== Information shown ==
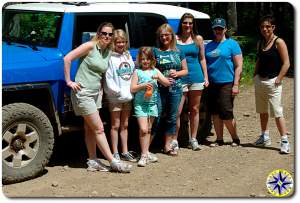 fj cruiser women 4x4 trail drivers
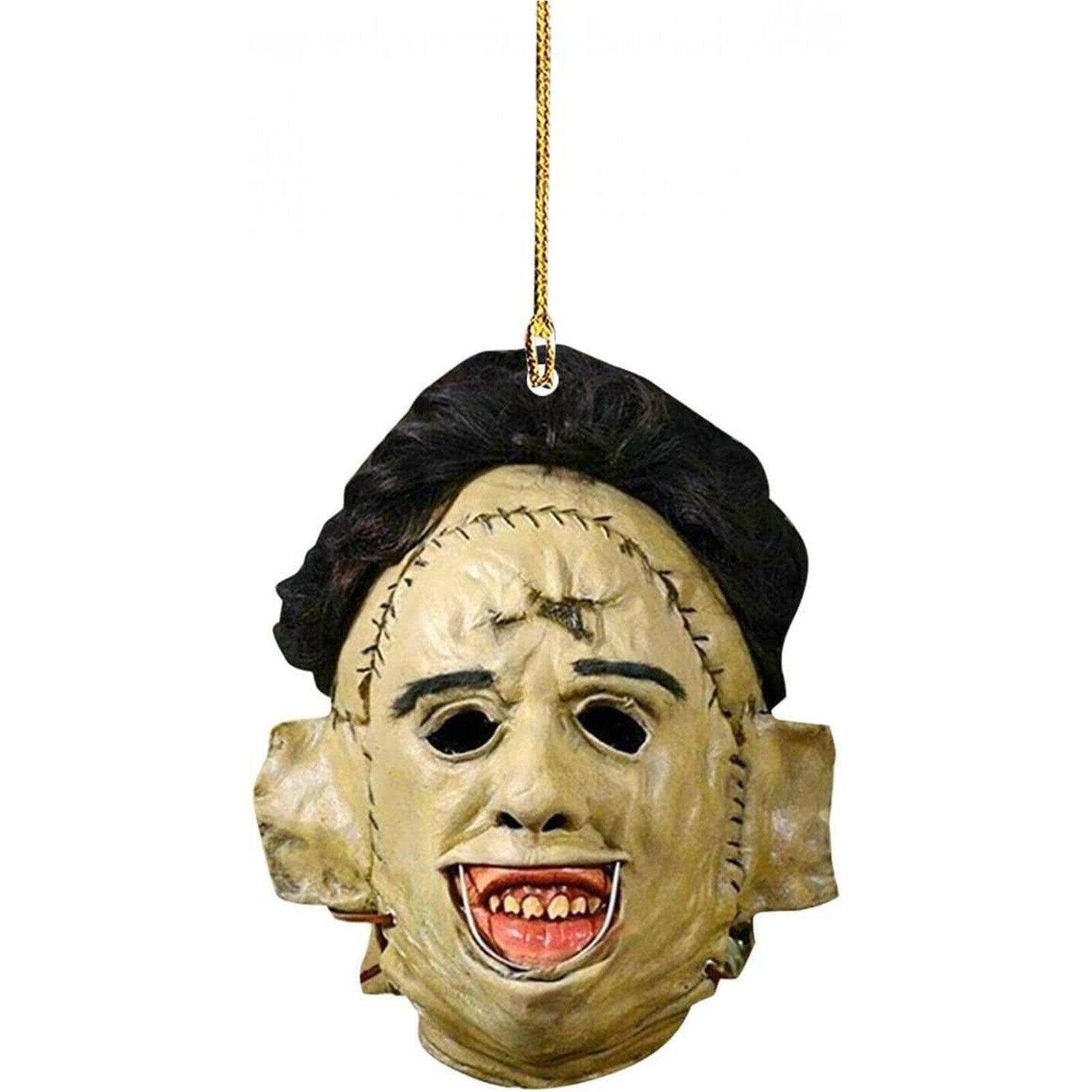 Car Mirror Pendant Ornament Halloween Christmas Horror Decoration Horror Movie Character Personalized Hanging Ornaments - KinglyDay
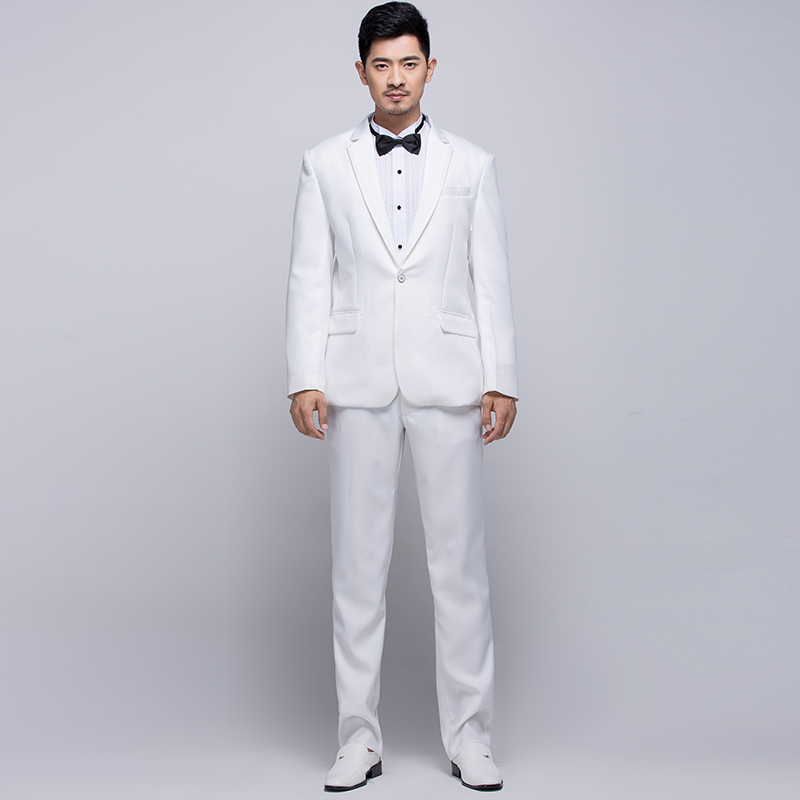 ST126- **พรีออเดอร์**สูทผู้ชายสีขาวสลับดำ สูทสีดำสลับขาว แขนยาว พร้อมกางเกง ชุดสูทเจ้าบ่าว สูทแฟนซี ถ่ายพรีเวดดิ้ง & ชุดแต่งงานแฟนซี (Fancy wedding dress) สูททักสิโด้ผู้ชายสีขาวและสีดำ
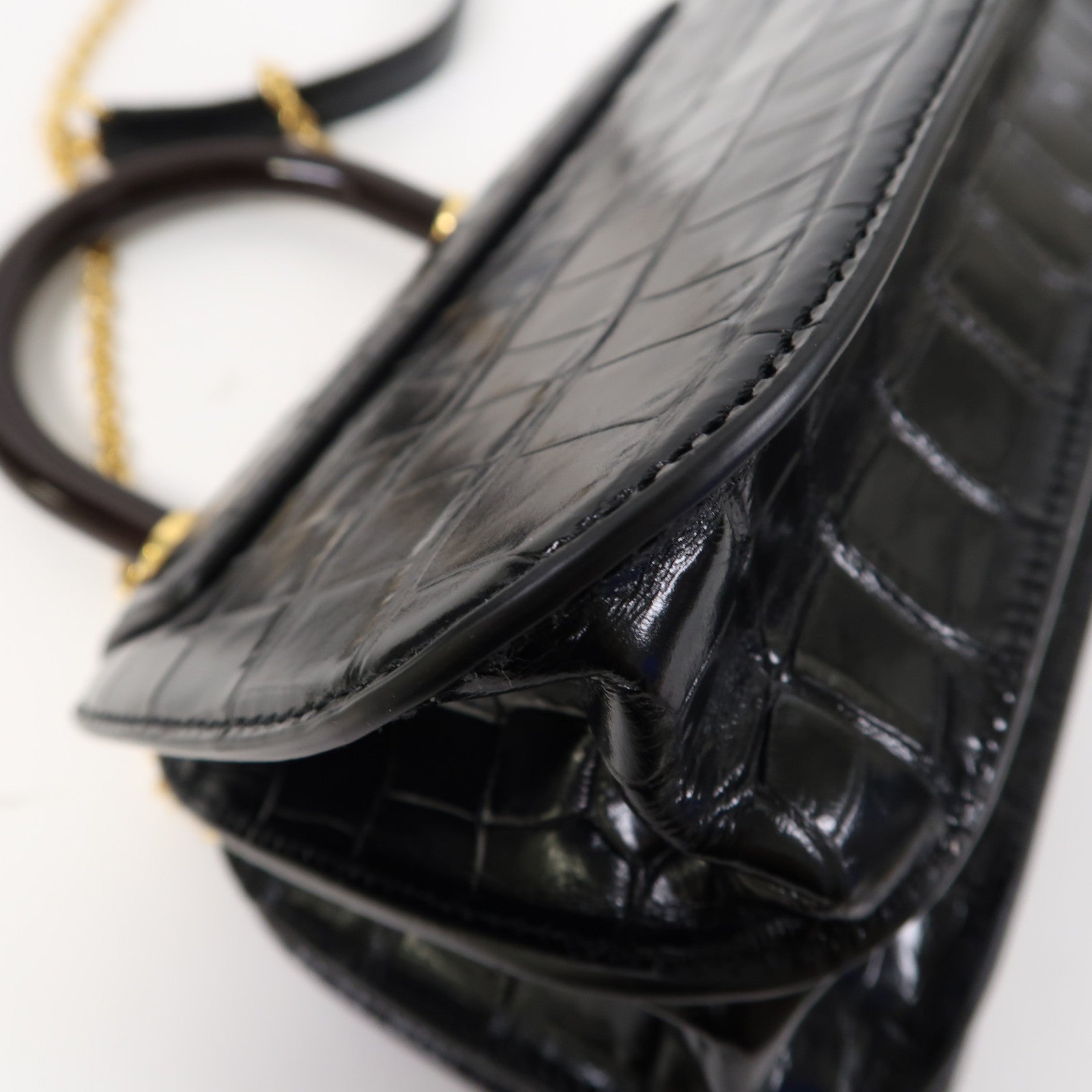 MULBERRY 牛皮皮革2 Way Shoulder金扣手挽肩背兩用袋黑色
===
▶ **Work task**:
Quote in full the listing given above; the images are to be left out.

▶ **Task result**:
 fj cruiser women 4x4 trail drivers
 Car Mirror Pendant Ornament Halloween Christmas Horror Decoration Horror Movie Character Personalized Hanging Ornaments - KinglyDay
 ST126- **พรีออเดอร์**สูทผู้ชายสีขาวสลับดำ สูทสีดำสลับขาว แขนยาว พร้อมกางเกง ชุดสูทเจ้าบ่าว สูทแฟนซี ถ่ายพรีเวดดิ้ง & ชุดแต่งงานแฟนซี (Fancy wedding dress) สูททักสิโด้ผู้ชายสีขาวและสีดำ
 MULBERRY 牛皮皮革2 Way Shoulder金扣手挽肩背兩用袋黑色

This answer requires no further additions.